The general government debt to GDP ratio (ESA2010) represented 37.6% at the end of 2016, remaining relatively low among the countries rated in the BBB range by JCR. The new government is committed to maintaining the fiscal deficit below 3% of GDP from 2017 onward. However, some tax cuts and increases of public sector wages and pensions decided by the new government have been implemented in 2017 in addition to the further cut of the VAT rate and the elimination of the construction tax approved by the previous government. Without adjustment measures, the deficit will likely exceed 3% of GDP.
Nevertheless, JCR expects that fiscal discipline will work to curb the
deficit in the medium-term considering a possible initiation of the excessive deficit procedures by the European Commission. Romania has significant room to improve tax collection by enhancing
tax compliance and reducing tax evasion. In this regard, the government looks set to take measures in an attempt to increase tax revenues.
(4) The country’s financial system has been in the process of improving with advancing disposal of nonperforming loans by banks. The nonperforming loan ratio (based on EBA definition) of the banking sector further declined to 9.5% at the end of 2016 from 13.5% a year earlier, a major improvement from above 20% in 2014. Banks’ profitability has also turned positive on lower credit
costs.
The debt discharge law, which enables a discharge of mortgage backed debts owed by individuals regardless of their ability to pay, came into force in May 2016. However, a risk of banks incurring huge losses was avoided following the Constitutional Court’s subsequent ruling which
substantially narrows the scope of its application. Loans to the private sector have been continuing to recover, albeit slowly, led by lei-denominated loans especially housing loans. Loans
denominated in foreign currency have steadily decreased, accounting for around 40% of the total loan portfolio, down from the peak of over 60% in 2012. This has helped reduce the foreign currency risks of the banking, corporate and household sectors.

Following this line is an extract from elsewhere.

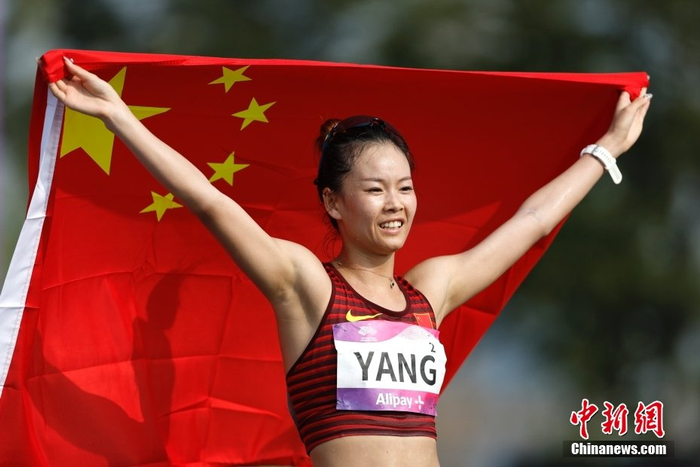 (杭州亚运会)田径:中国队选手杨家玉,马振霞获得女子20公里竞走冠亚军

(5) The current account deficit has been widening amid the growth of domestic demand. Nevertheless, at 2.4% of GDP in 2016 (1.2% in 2015), it remains substantially low compared with the levels
before 2008, supported not only by growing exports of manufactured goods such as automobiles but also by an increasing services account surplus. Romania seems to face no difficulties with external financing as stable capital inflows through direct investment and the EU funds have been adequately covering the current account deficit. It has also made a steady progress in repaying loans to the IMF and the EU. Its external debt has been declining both in terms of GDP and goods
and services exports due mainly to the banking sector’s reduced external borrowing.
As of the end of 2016, the external debt stood at 54.7% of GDP and 132.7% of goods and services exports, down from their peaks of 75% at the end of 2012 and 253% at the end of 2009."